Photo by Lance Krueger
You know how to track a buck in snow: You find a big print, follow it fast while it's beelining, and once it starts to meander or hook, you slow way down and slip in for a shot at your bedded trophy, right?
"It doesn't usually happen that way," says Jim Massett, widely regarded as one of the all-time great North Country trackers. "Once, I snuck to within 6 feet of an 81⁄2-year-old buck. He was asleep—had his head folded back like a cow." When the deer heard the click of the safety, it bolted up, and Massett shot him from the hip. "But most of the time," he says, "you don't see your buck until he's already jumped up.
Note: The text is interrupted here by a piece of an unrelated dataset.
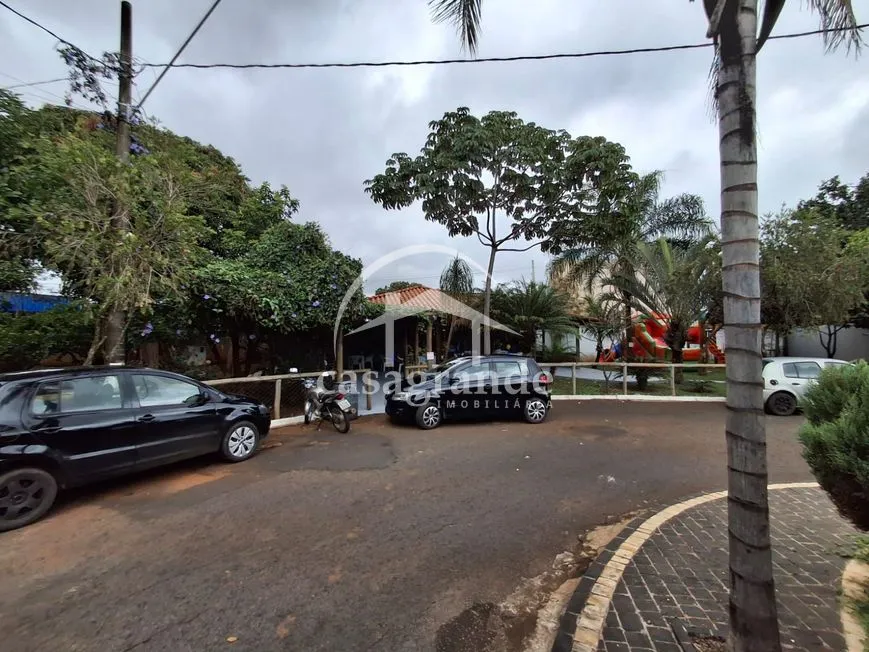 Imagem 13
I bump bucks all the time."
To tag a deep-woods buck now, you have to stay after him, says Massett, who has many times covered 10 to 20 or more miles in a day. "I may bump the same buck seven or eight times, but sooner or later, he'll mess up and give me the chance I need."
As long as a buck doesn't smell you, he won't go far the first time you jump him, says Massett—usually 100 to 300 yards. "It's a great opportunity to swing around and catch him watching his backtrack." The second time, he might go a little farther. "If you bump him a third time, get your track shoes on, because he'll go a mile or more." In the meantime, however, he'll often assume he's lost you, Massett explains. "The next time you jump him, he might stay close again, and you can start the whole process over again."
The sooner you can shoot your buck, the better, of course. But the key, says Massett, who claims he is neither a skilled marksman nor has the patience for great stealth, is to keep at it. "You just need to have a little more determination than the next guy."
Search High and Low
"When there's a good beechnut crop, bucks will be as fat as butter and as sweet as honey," says Massett, "and you can find their tracks on the ridges. Heavy weather, on the other hand, drives deer into the protected evergreens; that's when you should look down low."
Jim Massett: At 76 years old, this legendary Adirondack tracker has been dogging hoofprints in the deep woods for over 40 years. He's tagged more than 100 deer—all bucks, most of them mature, and most by tracking.